How Do You Visualize 100 GB of Google Text Data?

An anonymous reader writes "There is an amazing series of charts that visualizes trigrams and bigrams, portions of sentences that have been extracted from Google's web data set. The graphs highlight word associations and the frequency with which we use them on web pages. Chris Harrison from Carnegie Mellon University found, for example, that the word 'he' is often tied to 'argues,' while 'she' is found often with 'loves.' There are also word-relation charts that highlight words used in combination with their opposites, such as good and bad, peace and war, and PC and Mac." There are a lot of these things, and they're really interesting to browse through.

3 of 117 comments (clear)

  1. This can be used to preload a "human-like" ai by presidenteloco · · Score: 4, Interesting

    With a semantic network which reflects how humans relate various concepts together, and what topics and relationships humans care about.

    Yes it will be biased and partial and rough, but it's a good start.

    More formal reasoning and association techniques, such as bayesian stuff, logic, etc will be also be needed for general AI, but for the
    knowledge base to be grounded in human concerns and human perceptions; that's a key to an ai we can relate to and which can
    relate to us.

    I imagine this kind of semantic network will be usable for google 2.0 "pre-emptive search" or "my virtual social planner and concierge".

    --

    Where are we going and why are we in a handbasket?
  2. Kudos to Chris Harrison, though by Kupfernigk · · Score: 3, Insightful
    He does these really interesting data visualisations and publishes them for free - and what do people do?

    "Was this "anonymous reader" the guy who owns the blog?"

    "his files are hosted in *.pdf files. tried looking at them in a windows 7 and an ubuntu machine, both have the text with unreadable lines through them. why would you host graphics as pdf?" - mine don't.

    I am slowly recovering from flu.

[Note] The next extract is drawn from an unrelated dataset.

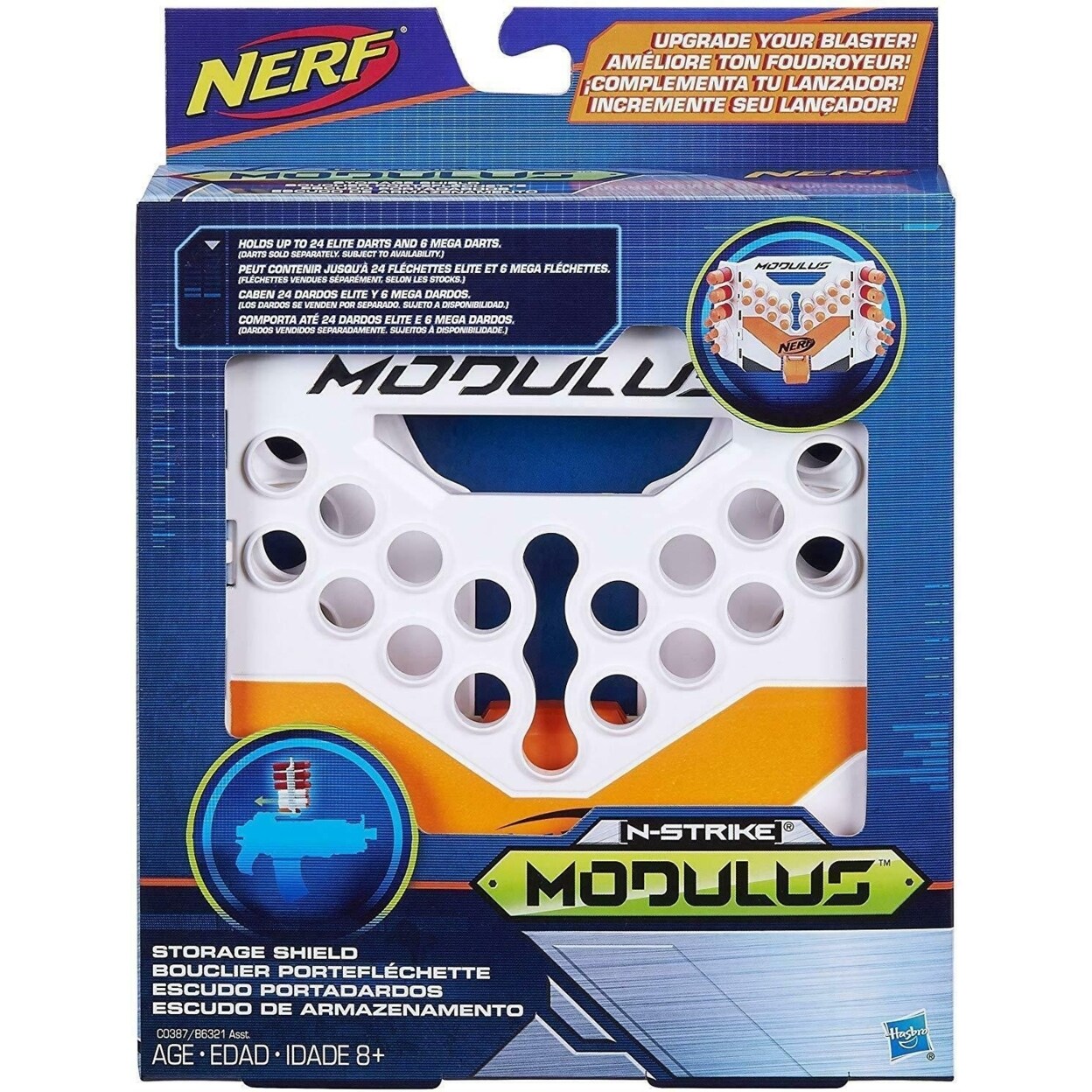 Nerf Modulus Storage Shield Blaster Accessory Hasbro Upgrade Kit 24 Darts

What's the justification for all you miserable bastards out there? This is genuinely interesting stuff presented in an accessible way, and is the sort of thing /. should be about (checks karma and mod points - yup, probably allowed to say that.)

    --
    From scarped cliff or quarried stone she cries "A thousand types are gone, I care for nothing, no not one."
    1. Re:Kudos to Chris Harrison, though by FrankDrebin · · Score: 3, Funny

      'he' is often tied to 'argues,'

      I don't agree.

      --
      Anybody want a peanut?